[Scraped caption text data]
○ ○ ○ ○ ○

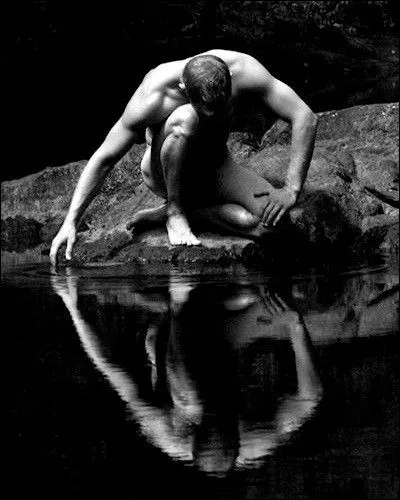 D'une exceptionnelle beauté, vaniteux ne s'intéressant qu'a sa seule personne. Qui est-il ?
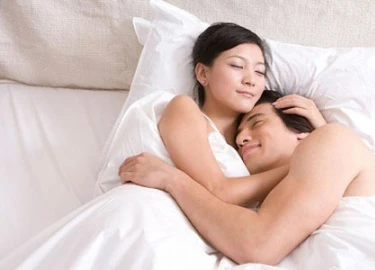 Cuộc sống chăn gối viên mãn với nữ khách hàng khiến tôi khó chấm dứt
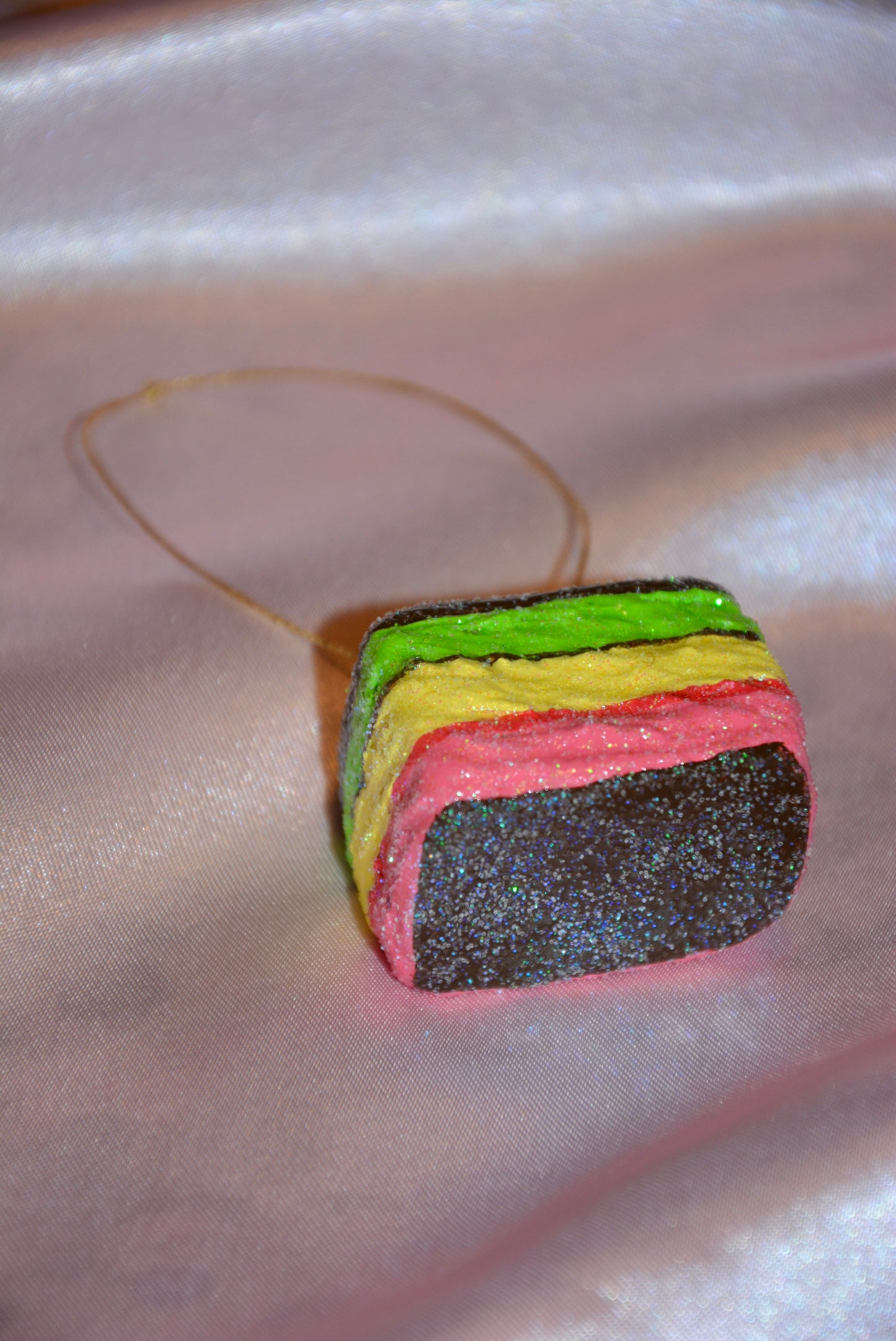 CERAMIC ITALIAN RAINBOW COOKIE ORNAMENT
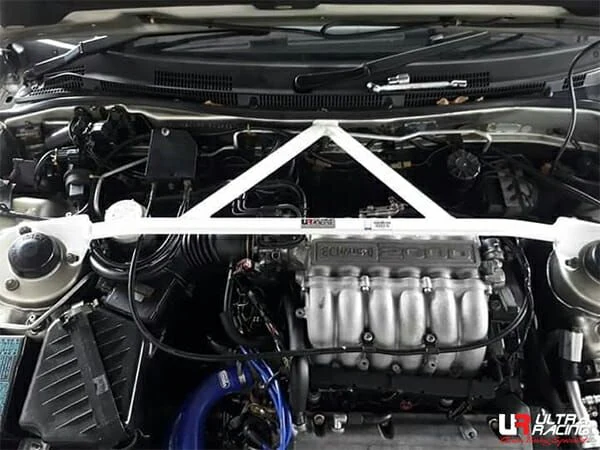 Rozpórka przednia (Front Upper Strut Bar)(10) Ultra Racing Proton Perdana 2.0 95-98/Perdana 2.0 FL 98-10 2WD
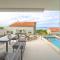 VILLA SOLIS - LACUS Apartment Cijan mit beheiztem Pool - Njivice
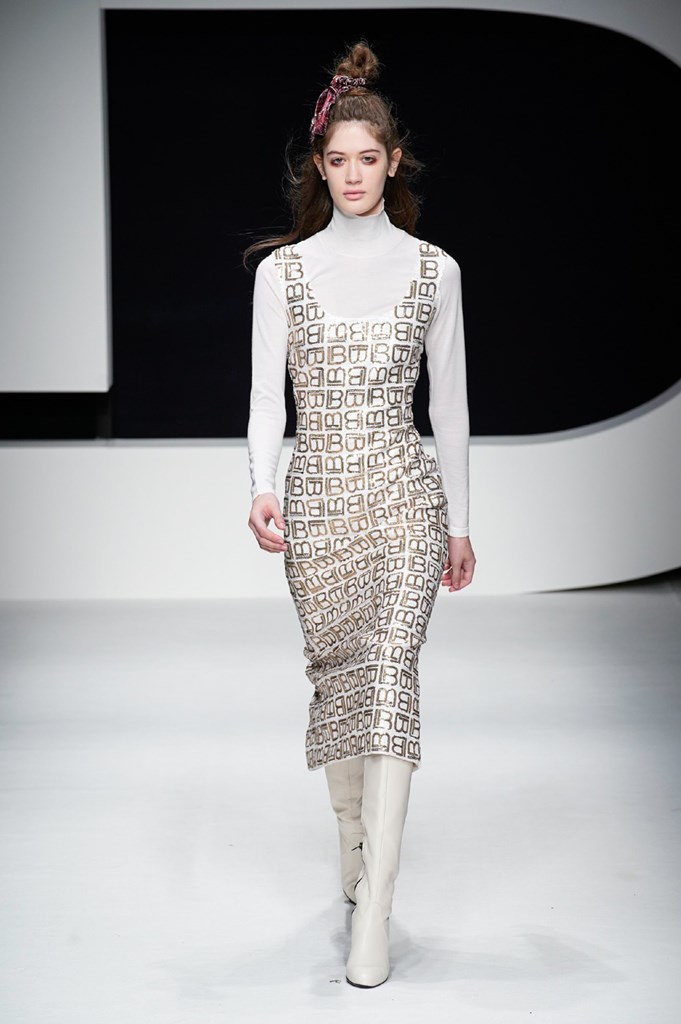 Fotoservizio/FW 19-20/WOMEN/SFILATA/LAURA BIAGIOTTI/DP2/44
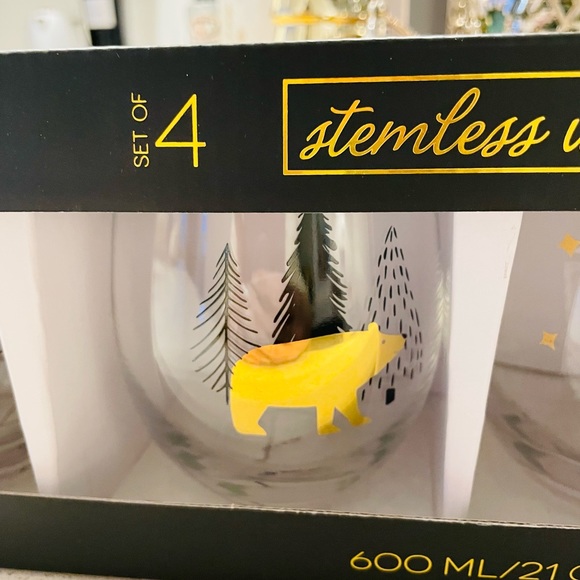 BRAND NEW 4 Christmas Glasses - Picture 2 of 8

○ ○ ○ ○ ○

Line by line, retype the records above exactly, minus the images.

 D'une exceptionnelle beauté, vaniteux ne s'intéressant qu'a sa seule personne. Qui est-il ?
 Cuộc sống chăn gối viên mãn với nữ khách hàng khiến tôi khó chấm dứt
 CERAMIC ITALIAN RAINBOW COOKIE ORNAMENT
 Rozpórka przednia (Front Upper Strut Bar)(10) Ultra Racing Proton Perdana 2.0 95-98/Perdana 2.0 FL 98-10 2WD
 VILLA SOLIS - LACUS Apartment Cijan mit beheiztem Pool - Njivice
 Fotoservizio/FW 19-20/WOMEN/SFILATA/LAURA BIAGIOTTI/DP2/44
 BRAND NEW 4 Christmas Glasses - Picture 2 of 8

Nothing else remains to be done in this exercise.